Missing values are represented with a dot. For practical reasons, the VCF 
specification requires that the data lines appear in their chromosomal order. 
The full format specification is available at the VCFtools web site. 

2.1.3 Variation types VCF is flexible and allows to express virtually any 
type of variation by listing both the reference haplotype (the REF column) 
and the alternate haplotypes (the ALT column). This permits redundancy 
such that the same event can be expressed in multiple ways by including 
different numbers of reference bases or by combining two adjacent SNPs into 
one haplotype (Fig. lg). Users are advised to follow recommended practice 
whenever possible: one reference base for SNPs and insertions, and one 
alternate base for deletions. The lowest possible coordinate should be used 
in cases where the position is ambiguous. When comparing or merging indel 
variants, the variant haplotypes should be reconstructed and reconciled, such 
as in the Figure lg example, although the exact nature of the reconciliation 
can be arbitrary. For larger, more complex, variants, quoting large sequences 
becomes impractical, and in these cases the annotations in the INFO column 
can be used to describe the variant (Fig. If). The full VCF specification also 
includes a set of recommended practices for describing complex variants. 

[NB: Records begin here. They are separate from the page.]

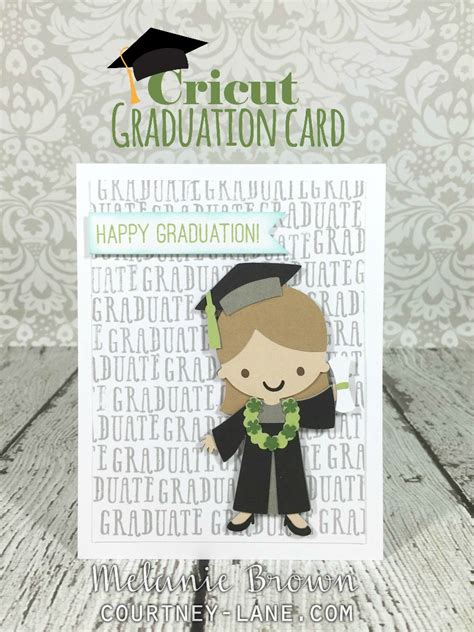 Courtney Lane Designs: Cricut Graduation Card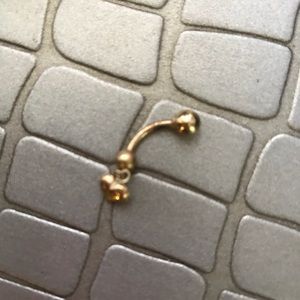 Real gold belly button ring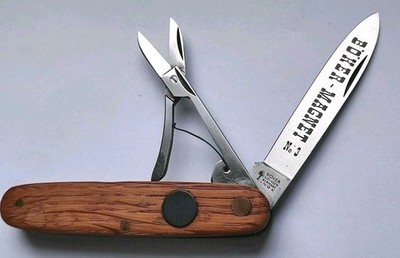 Böker Magnet No.3 Solingen Germany INOX Messer NOS Vintage Holzgriff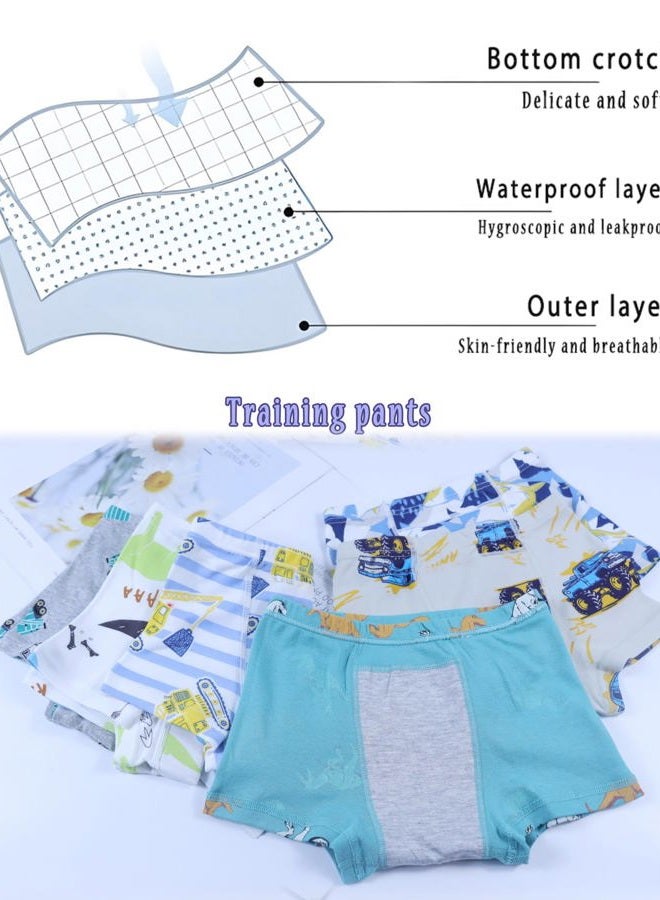 Boboking Toddler Boys Trainer Underwear Little Kids Boy Boxer Briefs, Green White Gray, 2 - Image 2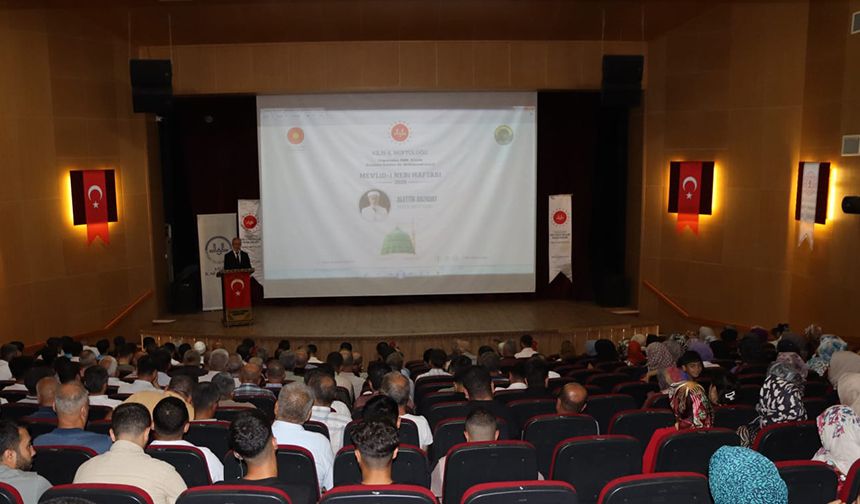 Kilis'te Mevlid-i Nebi konferansı düzenlendi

2.1.4 Compression and indexing Given the large number of variant sites 
in the human genome and the number of individuals the 1000 Genomes 
Project aims to sequence (Durbin et al., 2010), VCF files are usually stored 
in a compact binary form, compressed by bgzip, a program which utilizes the 
zlib-compatible BGZF library (Li et al., 2009). Files compressed by bgzip 
can be decompressed by the standard gunzip and zcat utilities. Fast random 
access can be achieved by indexing genomic position using tabix, a generic 



indexer for TAB-delimited files. Both programs, bgzip and tabix, are part of 
the samtools software package and can be downloaded from the SAMtools 
web site (http://samtools.sourceforge.net). 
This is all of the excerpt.